## PROBLEM STATEMENT
The records below are to be copied word for word, with every picture left out.
═════ AVAILABLE RECORDS ═════
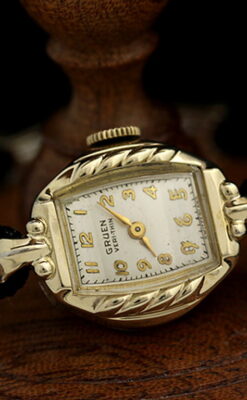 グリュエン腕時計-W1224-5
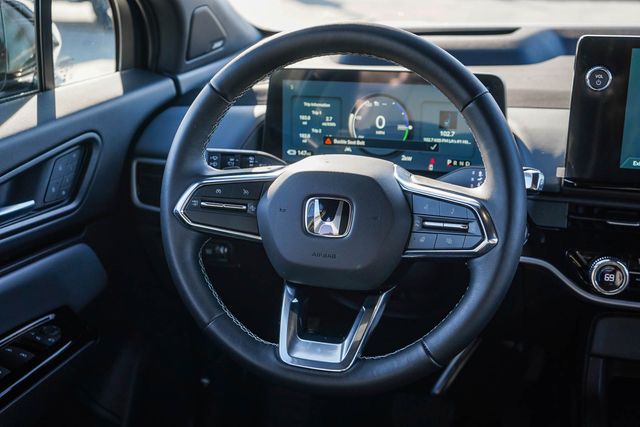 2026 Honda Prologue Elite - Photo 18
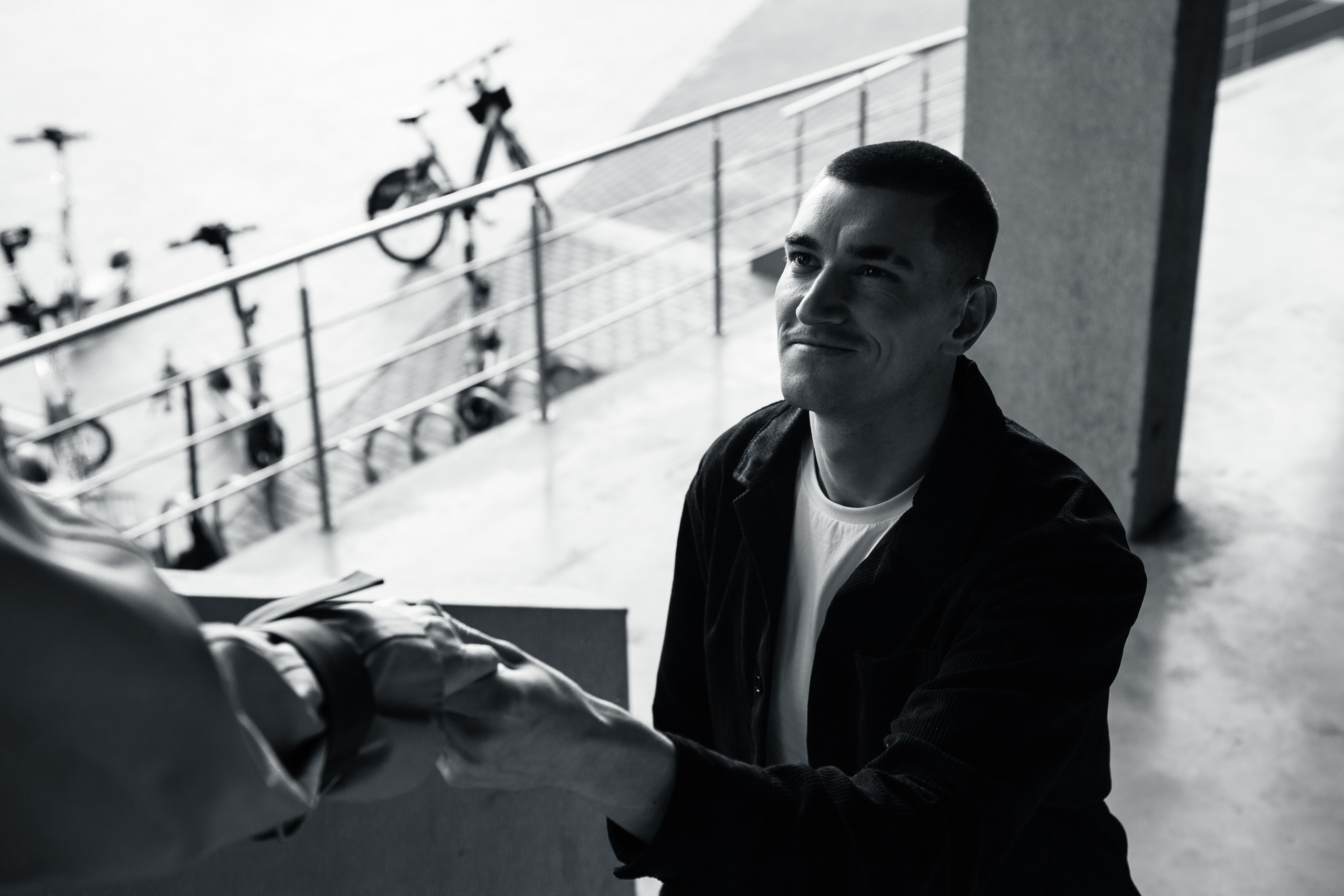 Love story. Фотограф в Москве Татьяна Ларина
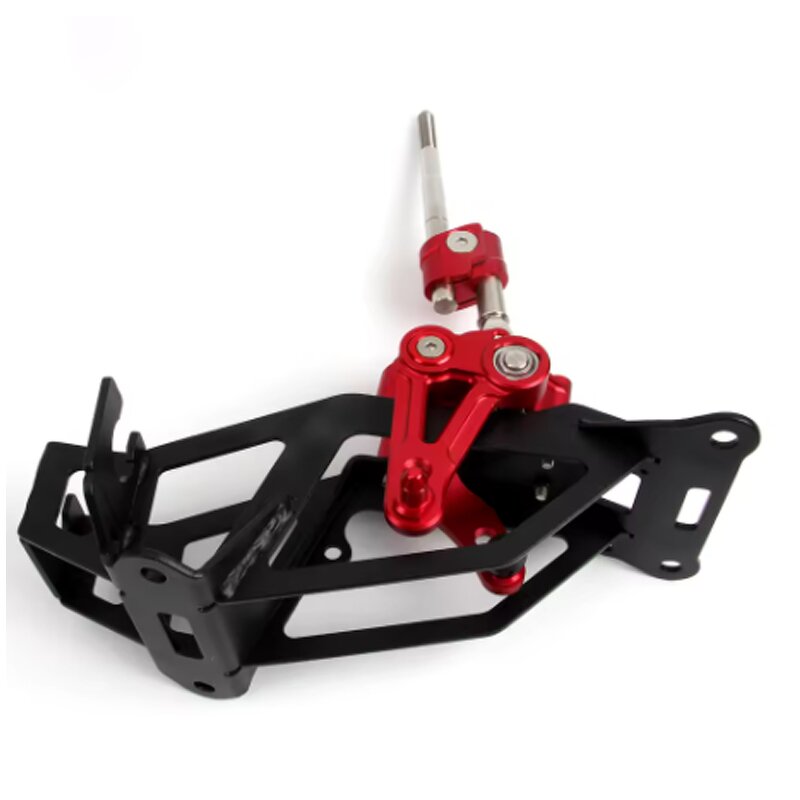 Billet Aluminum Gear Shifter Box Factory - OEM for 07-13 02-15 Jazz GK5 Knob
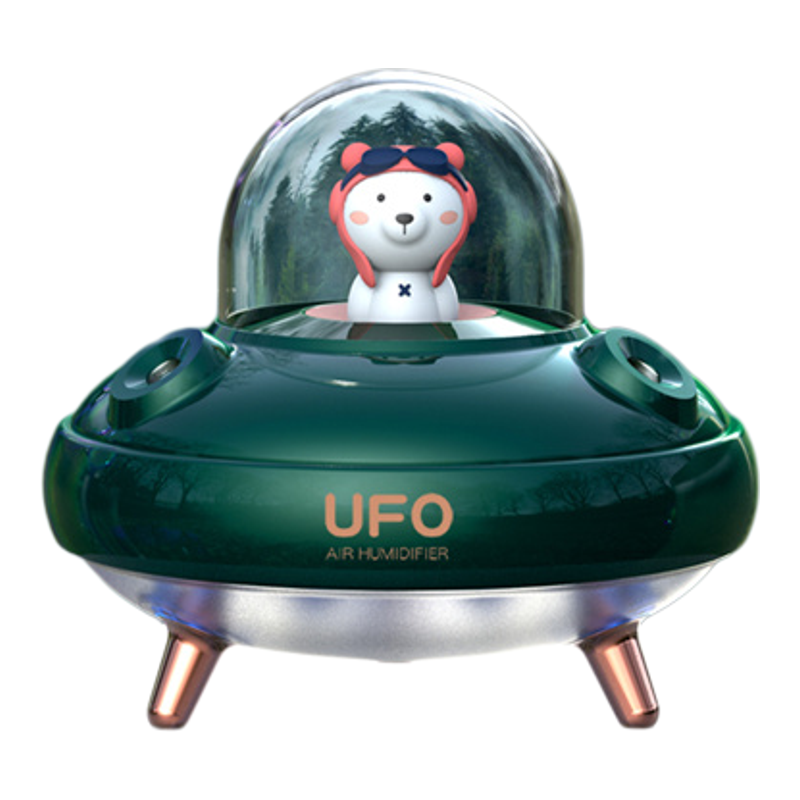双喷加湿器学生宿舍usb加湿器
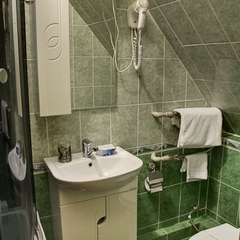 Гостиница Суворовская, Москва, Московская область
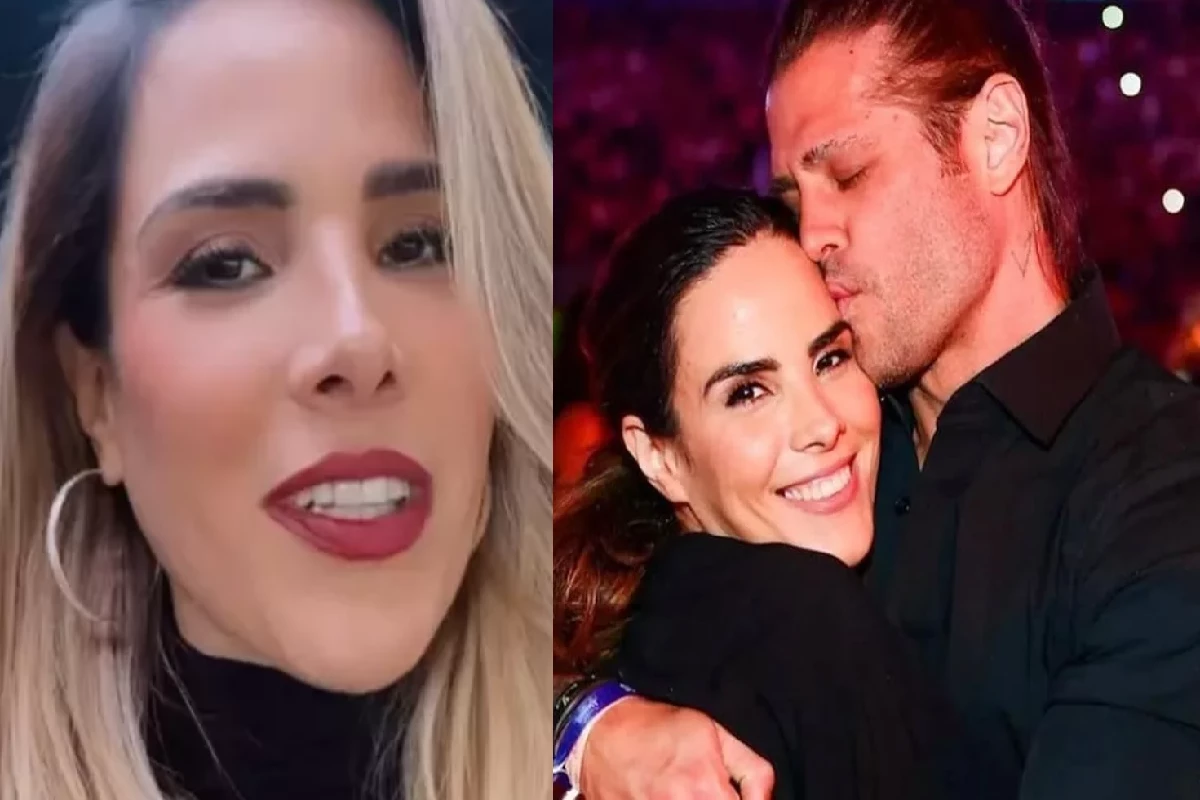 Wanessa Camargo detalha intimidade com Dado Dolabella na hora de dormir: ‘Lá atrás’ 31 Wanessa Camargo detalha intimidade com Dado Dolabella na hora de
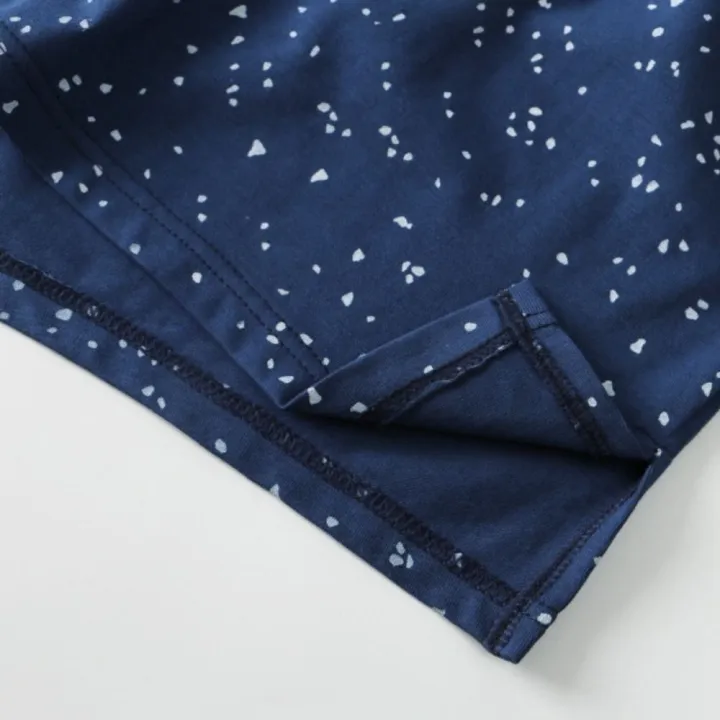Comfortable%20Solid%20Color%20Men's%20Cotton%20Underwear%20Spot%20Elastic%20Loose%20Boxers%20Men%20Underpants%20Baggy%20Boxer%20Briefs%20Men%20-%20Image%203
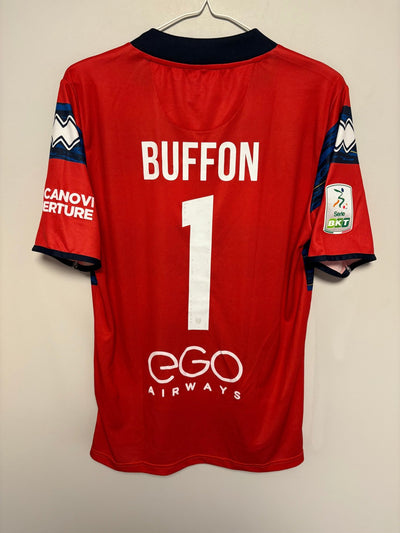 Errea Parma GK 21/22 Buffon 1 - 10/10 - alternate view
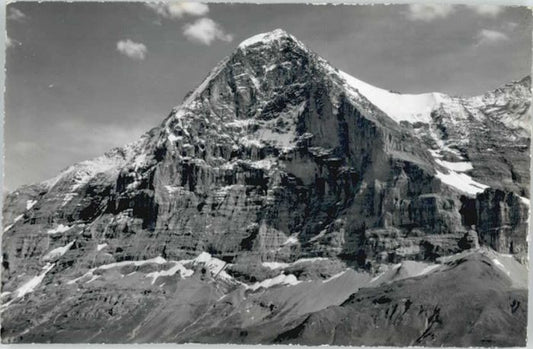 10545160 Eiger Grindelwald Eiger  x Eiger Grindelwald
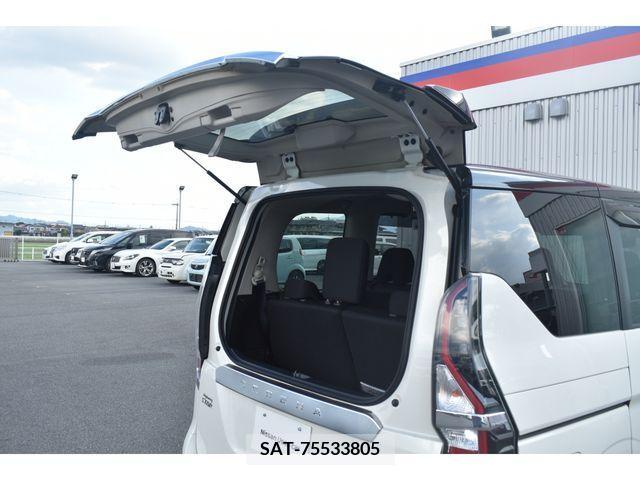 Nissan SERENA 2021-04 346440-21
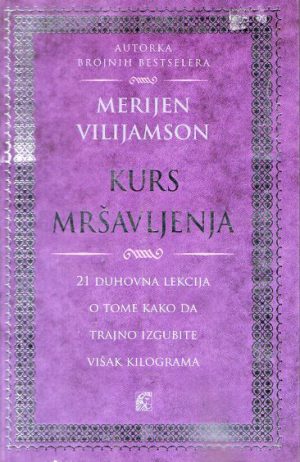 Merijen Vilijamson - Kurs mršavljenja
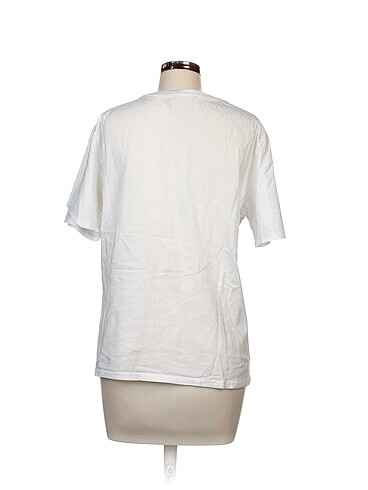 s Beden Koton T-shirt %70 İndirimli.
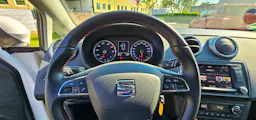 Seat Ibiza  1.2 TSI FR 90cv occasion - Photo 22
═════
## ANSWER AREA
 グリュエン腕時計-W1224-5
 2026 Honda Prologue Elite - Photo 18
 Love story. Фотограф в Москве Татьяна Ларина
 Billet Aluminum Gear Shifter Box Factory - OEM for 07-13 02-15 Jazz GK5 Knob
双喷加湿器学生宿舍usb加湿器
 Гостиница Суворовская, Москва, Московская область
 Wanessa Camargo detalha intimidade com Dado Dolabella na hora de dormir: ‘Lá atrás’ 31 Wanessa Camargo detalha intimidade com Dado Dolabella na hora de
Comfortable%20Solid%20Color%20Men's%20Cotton%20Underwear%20Spot%20Elastic%20Loose%20Boxers%20Men%20Underpants%20Baggy%20Boxer%20Briefs%20Men%20-%20Image%203
 Errea Parma GK 21/22 Buffon 1 - 10/10 - alternate view
 10545160 Eiger Grindelwald Eiger  x Eiger Grindelwald
 Nissan SERENA 2021-04 346440-21
 Merijen Vilijamson - Kurs mršavljenja
 s Beden Koton T-shirt %70 İndirimli.
 Seat Ibiza  1.2 TSI FR 90cv occasion - Photo 22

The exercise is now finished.